In the special case when new units arrive rarely, the DAG will look almost like a chain, with only occasional forks and quick merges. Like in blockchains where each new block confirms all previous blocks (and transactions therein), every new child unit in the DAG confirms its parents, all parents of parents, parents of parents of parents, etc. If one tries to edit a unit, he will also have to change its hash. Inevitably, this would break all child units who reference this unit by its hash as both signatures and hashes of children depend on parent hashes.

Therefore, it is impossible to revise a unit without cooperating with all its children or stealing their private keys. The children, in turn, cannot revise their units without cooperating with their children (grandchildren of the original unit), and so on. Once a unit is broadcast into the network, and other users start building their units on top of it (referencing it as parent), the number of secondary revisions required to edit this unit hence grows like a snowball. That’s why we call this design Byteball (our snowflakes are bytes of data). Unlike blockchains where issuing a block is a rare event and only a privileged caste of users is in practice engaged in this activity, in a new Byteball unit starts accumulating confirmations immediately after it is released and confirmations can come from anyone, every time another new unit is issued.

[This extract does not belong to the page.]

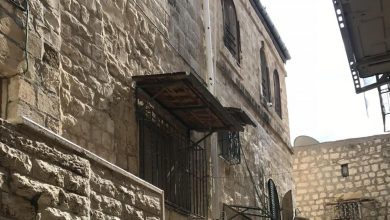 Photo of دعوات لوقف العقارات المقدسية وحمايتها من خطر التسريب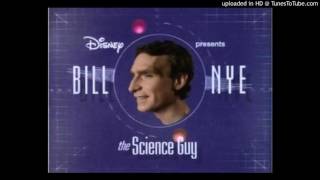 Bill Nye The Science Guy Theme Song Extended Mix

There is no two-tier system of ordinary users and miners. Instead, users help each other: by adding a new unit its author also confirms all previous units. Unlike Bitcoin, where an attempt to revise a past transaction requires a large computational effort, an attempt to revise a past record in Byteball requires coordination with a large and growing number of other users, most of whom are anonymous strangers. The immutability of past records is therefore based on the sheer complexity of coordinating with such a large number of strangers, who are difficult to reach, have no interest in cooperation, and where every single one of them can veto the revision.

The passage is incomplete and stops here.